What did I want to say to the creators present? What words should I use? What was I getting myself into, I thought to myself as I settled into a large armchair facing two sophisticated loudspeakers.

The work, signed by Serge Fiori and Blair Thomson, consists of five movements. After the first one I was blown away by so much beauty, creativity and depth. After the third, my eyes watered. And when the last breath came out, I was literally on my ass.

Mission accomplished for designers!

The starting point for this creation are seven pieces by Serge Fiori, a great admirer of the painter and sculptor, that do not belong to the harmonium repertoire. Blair Thomson enjoyed “deconstructing” Fiori’s songs (you find certain themes here and there) to create a work of its own.

Because we are not faced with a stupid montage, a patchwork easy. Fiori and Thomson sign a true musical work in which references to Riopelle’s journey are guided by an attentive and intelligent understanding of the man and his work.

Each movement illustrates a defining moment in Riopelle’s life. We hear his passion, his exile, his ascension, his love of nature, his travels, his return to the Welcome Land, his descent into death. Nicolas Lemieux likes to remind us that the image of the wild goose, which is very present in the painter’s work, is the symbol that carries this musical creation. “Riopelle becomes the wild goose and the wild goose is that artist in a way. We have combined the movements of this animal with those of its run. »

Blair Thomson (luckily the director who gets his hands on this composer to ask him for score) has done a remarkable job. You had to let him explain how he came closer to the painter with a thousand subtleties.


PHOTO MICHEL KIES, LA PRESSE ARCHIVE

Jean Paul Riopelle, photographed in 1985

So when Riopelle discovers the sculpture, we use more brass and metal sounds (we even hear an anvil). Or, to illustrate the painter’s journeys to the Far North, he asked the drummer to strike various stones.

The passages from mantras that Serge Fiori composed in the 1990s are particularly successful. “I told Blair he had to surpass himself,” said Nicolas Lemieux. He did. He transformed and expressed his creative genius. I still can’t believe the result. »

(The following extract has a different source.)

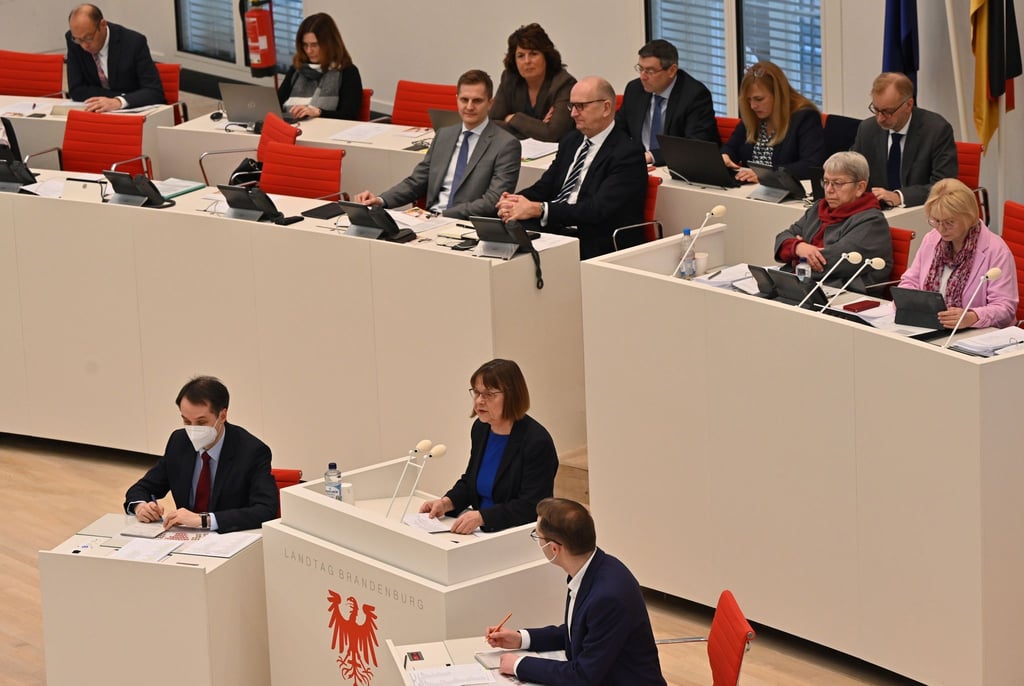 Ursula Nonnemacher (Bündnis90/Die Grünen), Ministerin für Soziales, Gesundheit, Integration und Verbraucherschutz, spricht in der Debatte der Landtagssitzung.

This introspection into the lives of Riopelle, Nicolas Lemieux and the two composers was possible thanks to important research supported by Yseult Riopelle, the artist’s daughter, and Manon Gauthier, General Director of the Fondation Jean Paul Riopelle. , and John Porter, former director of Quebec’s National Museum of Fine Arts and art historian, who signs the CD’s accompanying text.

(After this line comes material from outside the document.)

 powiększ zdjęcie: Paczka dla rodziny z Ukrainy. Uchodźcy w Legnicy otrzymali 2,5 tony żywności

The recording sessions for the work with the musicians of the Orchester symphonique took place at the Maison symphonique. The 100-part chorus of Les Petits Chanteurs de Laval was then recorded in the studio, combined with another chorus formed specifically for the work.

The world premiere of the stage event Symphonic Riopelle experience takes place on February 16, 17 and 18 at the Place des Arts with the Orchester symphonique de Montréal conducted by Adam Johnson. This project is then presented elsewhere in the country and around the world. At least that is the wish of its manufacturer.

Gabriel Poirier-Galarneau was in charge of signing the staging, the scenography and the video projections.

After listening to the work, I couldn’t help but tell this designer that he has a great responsibility. I think he has seen many paintings of Riopelle in his dreams over the past few months.